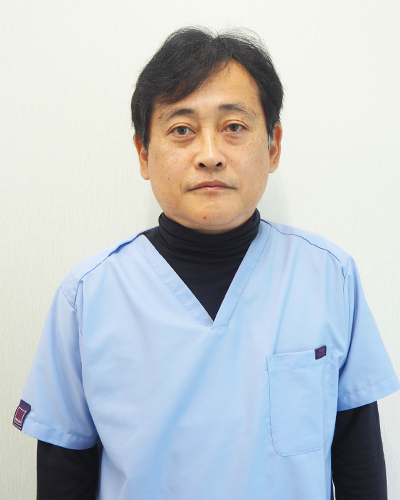 院長の朝香 雅一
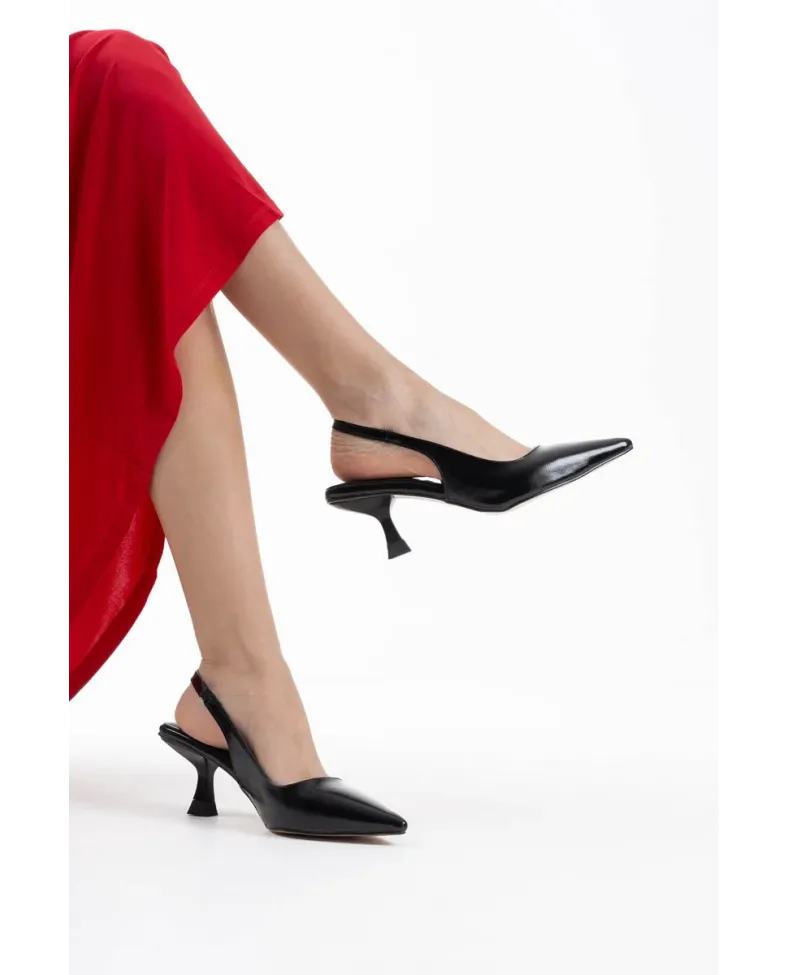 Kadın Siyah Kırışık Rugan Topuklu Ayakkabı TR08MS08C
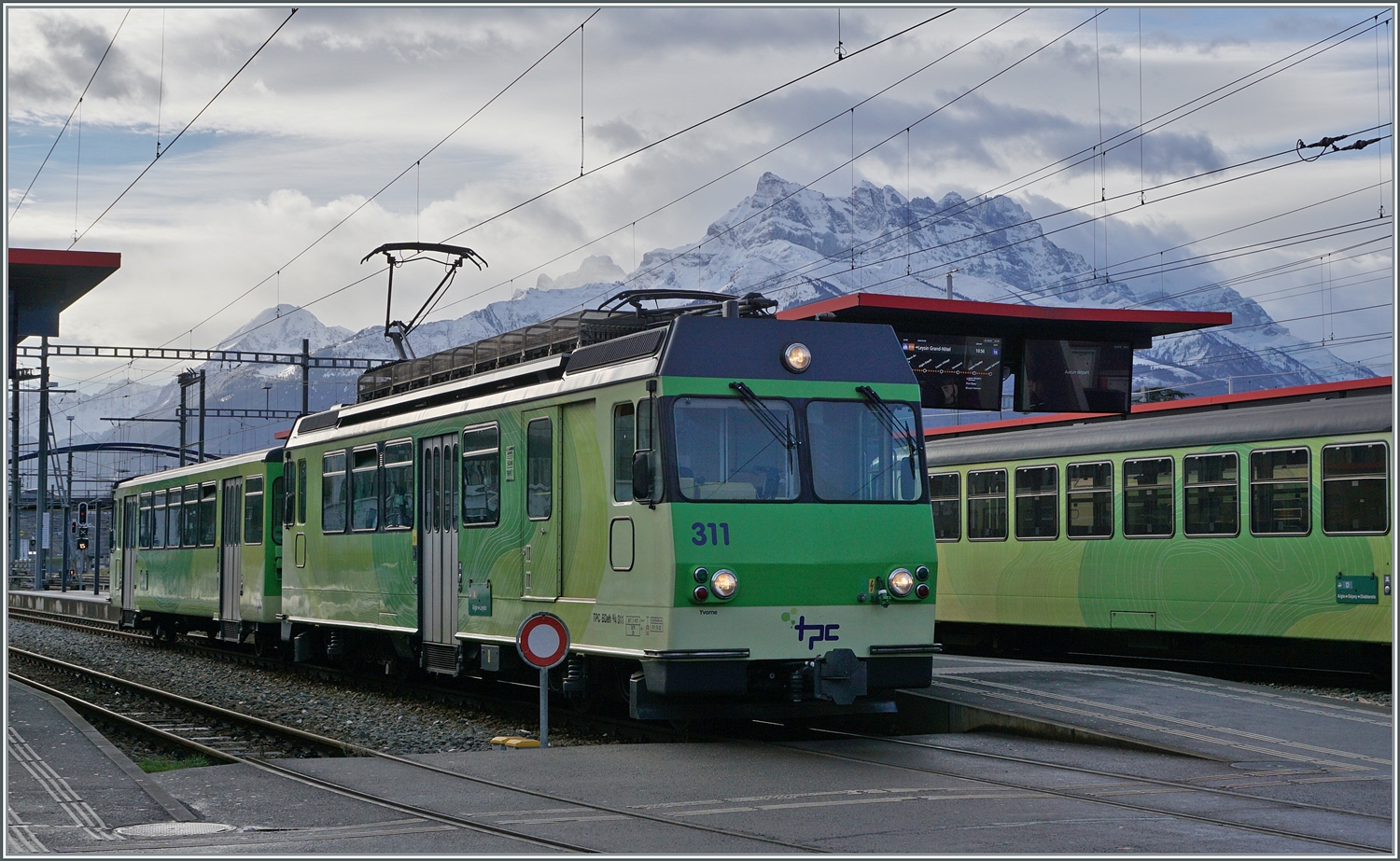 Der BDeh 4/4 311 mit Bt 361 als R 70 336 nach Leysin wird in Kürze abfahren. Und der Zug ist sehr gut besetzt. 

4. Jan. 2024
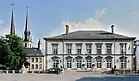 L'hôtel de ville et les tours de la cathédrale.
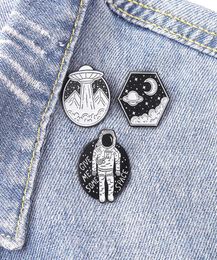 GIVE ME SOME SPACE Galaxy Astronaut Planet Raumschiff Mond Emaille Brosche Starry Legierung Abzeichen Pin Frau Schmuck Geschenk Anime accessoire9023449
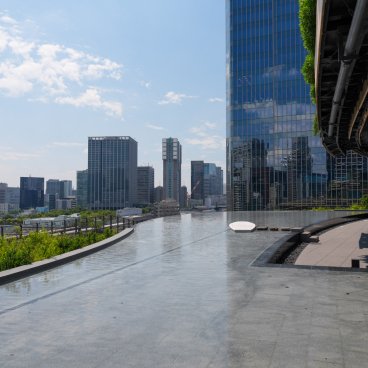 MoN Takanawa (Tokyo), Plan d'eau de Tsukimi Terrace à l'étage 6F du musée 2
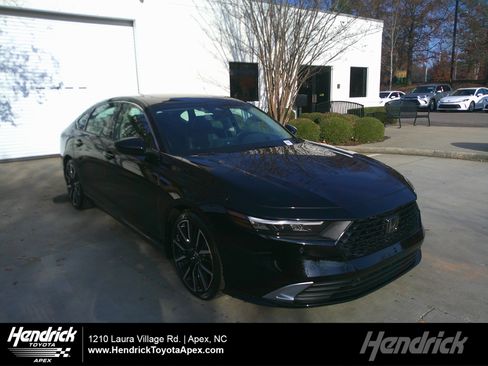 Used 2023 Honda Accord Touring image 1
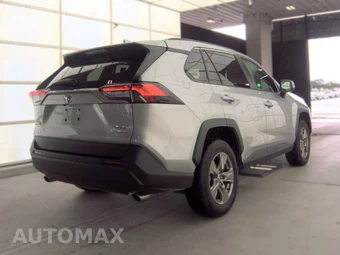 2024 Toyota RAV4 XLE - miniatura 5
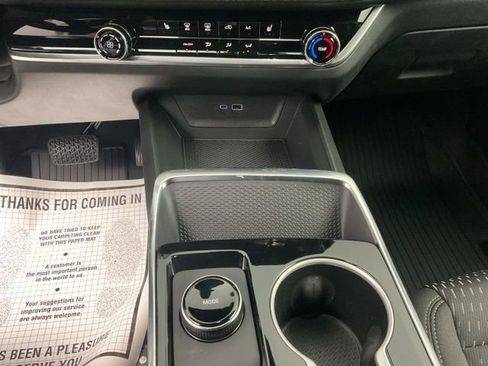 New 2026 Chevrolet Equinox LT w/ LPO, Floor Liner Package image 17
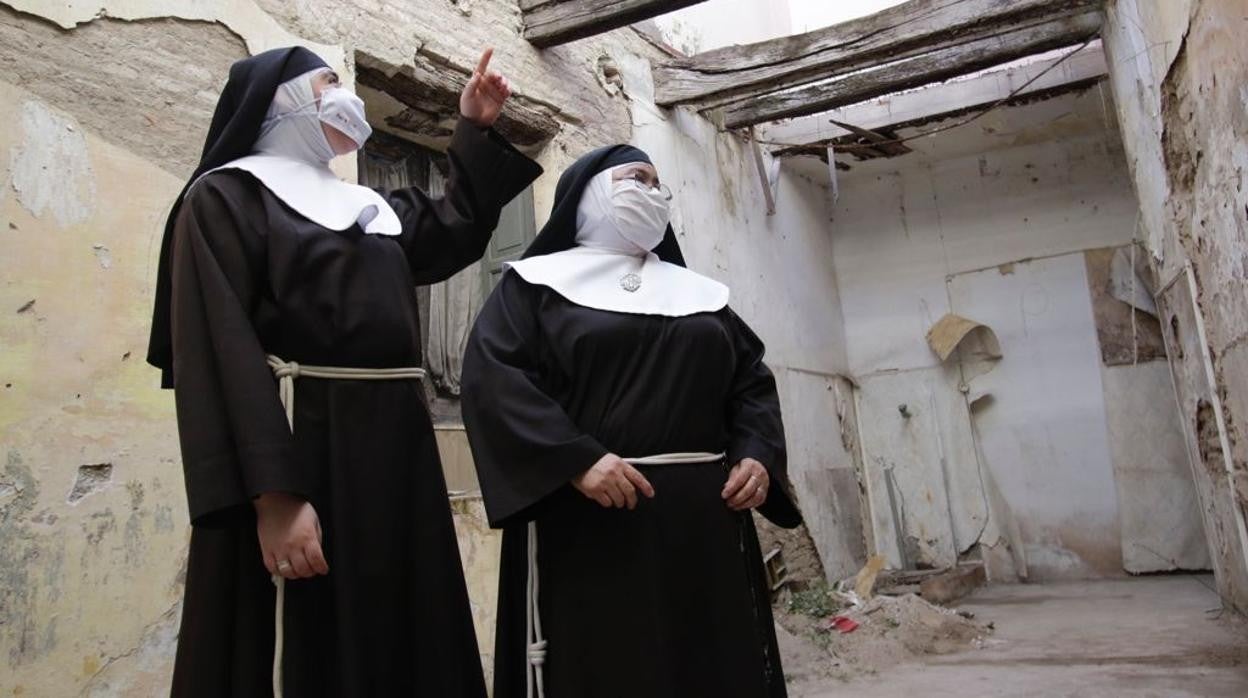 Dos monjas clarisas de Santa Inés en la Casa del Portero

● EXERCISE GOAL: Could you output exactly the lines above, from the line with "4. Jan. 2024" up to and including the line with "GIVE ME SOME", and nothing else, skipping the pictures?

● TASK SOLUTION:
4. Jan. 2024
 L'hôtel de ville et les tours de la cathédrale.
 GIVE ME SOME SPACE Galaxy Astronaut Planet Raumschiff Mond Emaille Brosche Starry Legierung Abzeichen Pin Frau Schmuck Geschenk Anime accessoire9023449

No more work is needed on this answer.